- [Aim of the exercise]: In the data below, set down exactly the lines from the one containing "نائب وزير الإسكان" up to and including the one containing "XISEM-SN01蓝牙音响:户外行走,音乐随行". Leave the pictures out.

- [Provided material]:
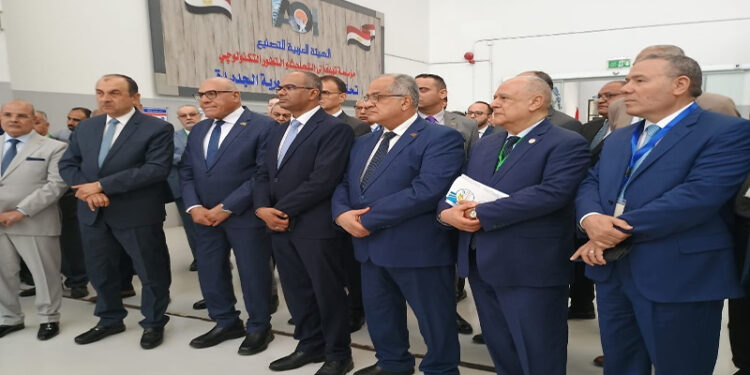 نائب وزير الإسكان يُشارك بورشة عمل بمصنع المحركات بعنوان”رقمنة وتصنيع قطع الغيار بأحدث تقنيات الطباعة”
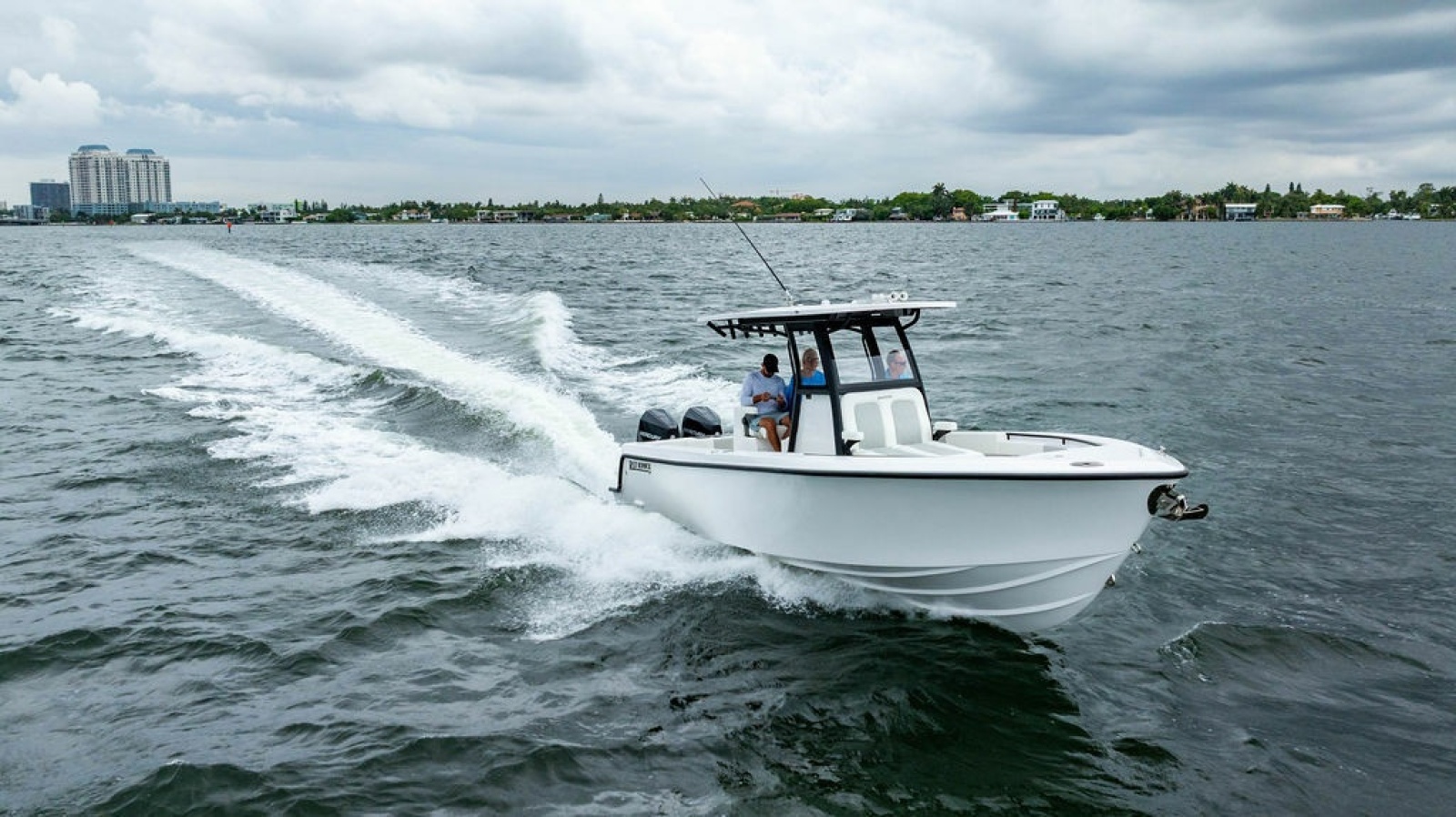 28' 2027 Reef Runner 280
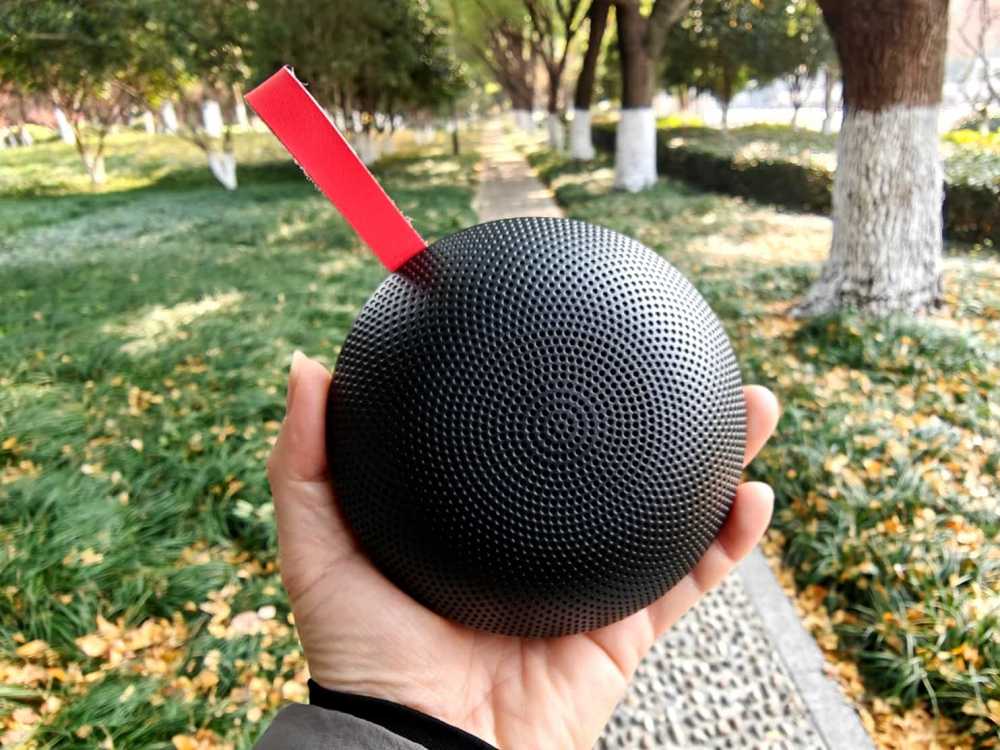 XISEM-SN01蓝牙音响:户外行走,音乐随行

...

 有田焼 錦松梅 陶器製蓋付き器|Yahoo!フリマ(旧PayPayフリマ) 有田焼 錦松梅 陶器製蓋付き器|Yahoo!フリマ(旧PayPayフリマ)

- [Expected output]:
 نائب وزير الإسكان يُشارك بورشة عمل بمصنع المحركات بعنوان”رقمنة وتصنيع قطع الغيار بأحدث تقنيات الطباعة”
 28' 2027 Reef Runner 280
 XISEM-SN01蓝牙音响:户外行走,音乐随行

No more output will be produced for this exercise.